(The Center Square) – The Michigan Department of Health and Human Services Office of The Inspector General will receive $749,987 to reduce food stamp fraud.
The grant funds innovative concepts and best practices over the next three years to detect, investigate and prevent the misuse of Supplemental Nutrition Assistance Program program Benefits, which security experts say is a “national problem.”
“Michigan is committed to helping families in need put food on the table,” MDHHS Director Elizabeth Hertel said in a statement. “This grant will help improve recipient fraud prevention, detection and investigation efforts for Michigan’s SNAP program, which will help ensure these benefits are being used properly and beneficiaries are not affected by bad actors fraudulently using their benefits.”
The award will support program integrity efforts including computer forensic examiner software and hardware to assist in cybercrimes associated with SNAP.
In June, The Center Square reported Michigan reimbursed $35,760 of reported stolen Food Assistance Program benefits in September 2022.
From June 2022 through the end of the year, MDHHS reimbursed $131,753 to residents who reported stolen funds, according to documents The Center Square obtained through a Freedom of Information Act. Over those seven months, the state reimbursed an average of $18,882 of benefits each month.
OIG will collaborate with MDHHS’ Economic Stability Administration to educate beneficiaries through media campaigns that inform recipients about the security of their Electronic Benefits Transfer cards.
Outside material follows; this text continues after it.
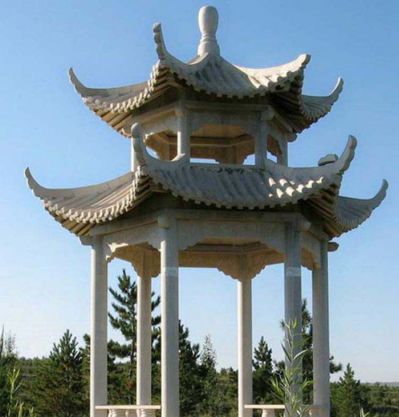 花園戶外廣場(chǎng)擺放雙層斗拱六角涼亭休息座椅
OIG investigators and managers will attend a nationally recognized training course on investigative interviewing techniques.
Inspector General Alan Kimichik welcomed the funds.
The SNAP Fraud Framework grant will assist OIG in their work to investigate fraud, waste and abuse in the SNAP program administered by MDHHS and to increase program integrity and accountability,” Kimchik said in a statement. “This work benefits all Michigan residents by helping ensure that funds for public assistance programs are available to families that truly need them, and that taxpayer dollars are spent on their intended purpose.”
Michigan will also test its EBT vendor’s integrated fraud management tool, which provides analytics, monitoring, alerts, and cardholder notification of potentially fraudulent activities.
Much SNAP fraud, including the selling of personal data occurs on the dark web, a deeper part of the internet that isn’t indexed by many search engines.